This is concise implementation of Graph Convolution Network (GCN) for educational purpose using Numpy.

Required theory

Step 1: Data Representation

  • Adjacency Matrix $A$:
    • Represents the graph structure where $A_{ij} = 1$ if there is an edge between nodes $i$ and $j$, and $A_{ij} = 0$ otherwise.
  • Input Feature Matrix $X$:
    • Represents node features where each row corresponds to a node and each column corresponds to a feature.

Step 2: Initialization

  • Weight Matrices $W^{(l)}$:
    • Initialize weight matrices for each layer $l$ of the GCN.
  • Bias Vectors $b^{(l)}$ (optional):
    • Optionally, initialize bias vectors for each layer.

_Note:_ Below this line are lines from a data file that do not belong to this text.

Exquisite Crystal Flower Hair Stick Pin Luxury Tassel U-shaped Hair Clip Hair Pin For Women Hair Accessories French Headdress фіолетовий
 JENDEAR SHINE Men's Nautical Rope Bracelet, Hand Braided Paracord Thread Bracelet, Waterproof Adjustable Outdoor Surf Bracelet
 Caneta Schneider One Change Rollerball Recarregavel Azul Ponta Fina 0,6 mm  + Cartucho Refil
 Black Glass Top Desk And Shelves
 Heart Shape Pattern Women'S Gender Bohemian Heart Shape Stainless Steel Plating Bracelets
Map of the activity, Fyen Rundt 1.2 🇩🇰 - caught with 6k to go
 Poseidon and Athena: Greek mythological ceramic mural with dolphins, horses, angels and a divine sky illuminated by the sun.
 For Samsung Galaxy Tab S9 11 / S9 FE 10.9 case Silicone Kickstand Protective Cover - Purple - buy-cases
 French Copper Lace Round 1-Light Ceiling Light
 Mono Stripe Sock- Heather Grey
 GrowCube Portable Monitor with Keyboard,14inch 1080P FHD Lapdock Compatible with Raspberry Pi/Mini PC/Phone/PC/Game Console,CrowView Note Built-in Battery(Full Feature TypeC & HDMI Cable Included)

Step 3: Forward Propagation

  • Normalized Graph Laplacian $\tilde{L}$:
    • Compute the normalized graph Laplacian:
      • $$\tilde{L} = I - D^{-\frac{1}{2}} A D^{-\frac{1}{2}}$$
  • Graph Convolution Operation:
    • Compute the node representation matrix at layer $l+1$:
      • $$H^{(l+1)} = \sigma(\tilde{L} H^{(l)} W^{(l)})$$
    • $\sigma$ is the activation function.

Step 4: Loss Calculation

  • Loss Function:
    • Compute the loss function for node classification (which is our case, we used Categorical Cross-Entropy):
      • $$L = -\frac{1}{N} \sum_{i=1}^{N} \sum_{j=1}^{C} Y_{ij} \log(\hat{Y}_{ij})$$

Step 5: Backpropagation

  • Gradient Computation:
    • Compute the gradients of the loss function with respect to the model parameters using backpropagation.
    • Example: $\frac{\partial L}{\partial W} = \frac{1}{N} (X^T A^T) (\hat{Y} - Y)$.
  • Parameter Update:
    • Update the model parameters using gradient descent or another optimization algorithm.
      • $$W_{new} = W_{old} - \alpha \frac{\partial L}{\partial W}$$

Step 6: Training Loop

  • Iteration:
    • Repeat steps 3-5 iteratively until convergence or for a fixed number of epochs.

References

  • Kipf, Thomas & Welling, Max. (2016). Semi-Supervised Classification with Graph Convolutional Networks.